What came next was liner notes. Sergel got hold of a jazz record — the specifics matter less than the chain reaction — and started reading the credits. Art Blakey. Elvin Jones. Philly Joe Jones. Jo Jones. Ed Thigpen. Roy Haynes. He wrote down every name, took the list to the library, and began researching their discographies one by one. This is how a drummer builds a lineage in reverse: not through apprenticeship but through archaeology, digging backward through the catalog until the names become sounds and the sounds become a vocabulary. He studied percussion and jazz studies at Florida State, then spent a year at Berklee with John Ramsey, and by the time he emerged he had internalized enough history to move comfortably through nearly any musical situation he encountered — which turned out to be a wider range of situations than most drummers ever see.

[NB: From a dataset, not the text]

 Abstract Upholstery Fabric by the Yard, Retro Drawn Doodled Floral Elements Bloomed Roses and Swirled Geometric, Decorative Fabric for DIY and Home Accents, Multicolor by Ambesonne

Sergel's career has unfolded across territories that don't usually share a map. He joined the Chad Lawson Trio in 2000 and watched their single climb to number seven on the national jazz charts. He toured internationally with singer-songwriter Jason Upton, appearing on the BBC. He shared stages with Bob Mintzer, Jim Snidero, Marcus Printup, Nnenna Freelon, and Ricky Skaggs — names drawn from hard bop, straight-ahead, and deep country, often in the same season. He served as Worship Director at MorningStar Ministries, playing drums in sacred contexts where the music carries a different kind of weight. He sat in with Bernadette Peters, Joan Rivers, and Sir Tim Rice. He recorded with Grammy-winning bassist Tim Lefebvre, whose work with David Bowie represents exactly the kind of genre-dissolving ambition that Sergel's own playing has always pointed toward.
For years, Sergel carried song ideas around on his phone — voice memos recorded in late-night places after gigs, hummed melodies and rhythmic fragments captured before they evaporated. He thought of them as sketches, not compositions. Then a friend listened to a batch of them and asked a question that changed his trajectory: Why don't you think these are songs? That was the moment the Alfred Sergel IVtet was born — the name a sly fold of his generational numeral into a quartet designation, the band itself a vehicle for the music he'd been carrying in his pocket for years. Charlotte musicians Ron Brendle, Troy Conn, and Phil Howe joined him. The debut EP caught the attention of All About Jazz. His single "Y Closed" landed at NPR Music. Sleepless Journey hit number one on the NACC jazz charts. His compositions draw from Beck and Tycho as readily as from Pat Metheny and Brad Mehldau — pop melodicism threaded through jazz architecture, the kind of music that makes sense when you've spent three decades crossing between sacred and secular, arena and club, the library and the bandstand.
Based in Charlotte and teaching at Davidson College and Central Piedmont, Sergel remains a working musician in the truest sense — someone for whom the gig is never just the gig but always a continuation of that first vibration, the one that traveled from a surplus marching cymbal through a kid's hands and into a life spent listening for what comes next.